━━━ INFORMATION GIVEN

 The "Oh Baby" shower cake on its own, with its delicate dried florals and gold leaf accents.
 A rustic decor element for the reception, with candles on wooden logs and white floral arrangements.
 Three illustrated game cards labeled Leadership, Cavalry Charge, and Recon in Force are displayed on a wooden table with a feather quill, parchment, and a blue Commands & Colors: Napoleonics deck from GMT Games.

━━━━━━
━━━ INFORMATION GIVEN

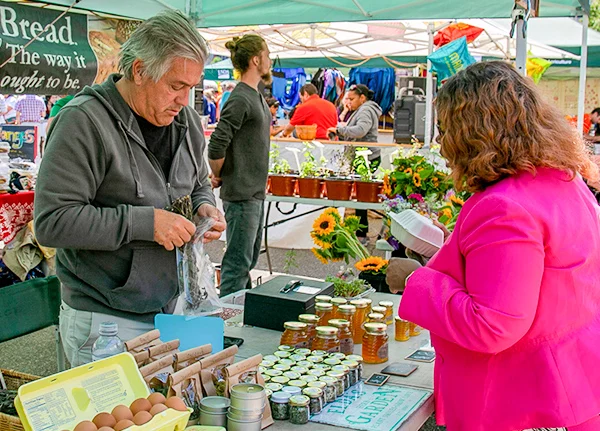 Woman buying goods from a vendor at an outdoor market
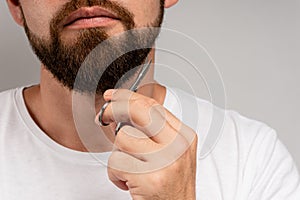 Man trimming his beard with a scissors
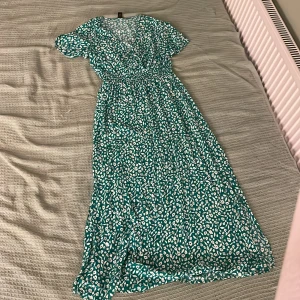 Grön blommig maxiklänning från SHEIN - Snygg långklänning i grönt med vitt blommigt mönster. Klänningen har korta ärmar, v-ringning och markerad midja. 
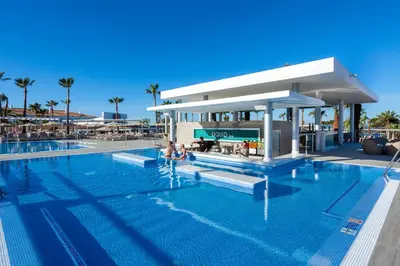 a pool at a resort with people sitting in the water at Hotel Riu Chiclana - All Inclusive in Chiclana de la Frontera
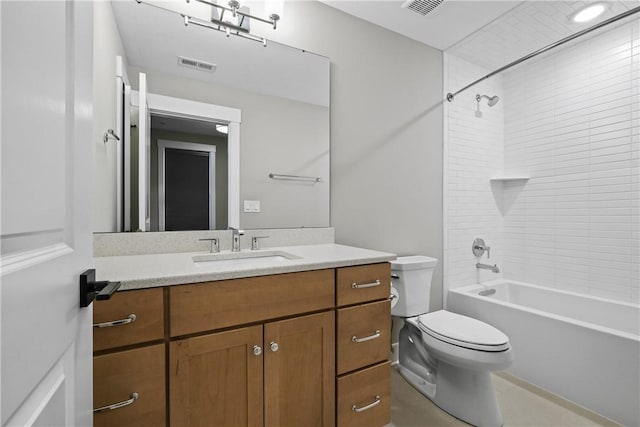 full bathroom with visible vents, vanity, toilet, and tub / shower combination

━━━━━━
━━━ INFORMATION GIVEN

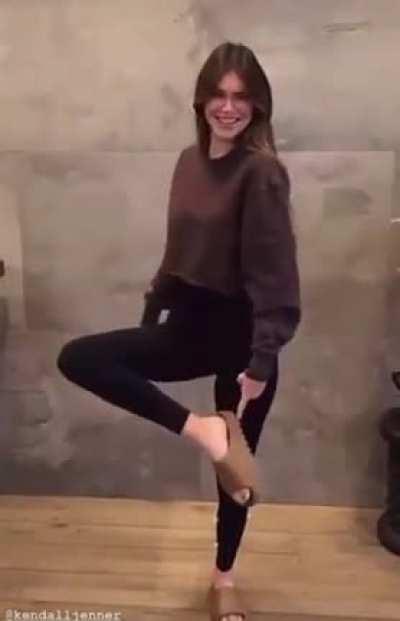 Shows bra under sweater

━━━━━━

• PROBLEM TO WORK ON:
Where a line of the data contains "wooden", copy that line.

• SOLVED PROBLEM:
 A rustic decor element for the reception, with candles on wooden logs and white floral arrangements.
 Three illustrated game cards labeled Leadership, Cavalry Charge, and Recon in Force are displayed on a wooden table with a feather quill, parchment, and a blue Commands & Colors: Napoleonics deck from GMT Games.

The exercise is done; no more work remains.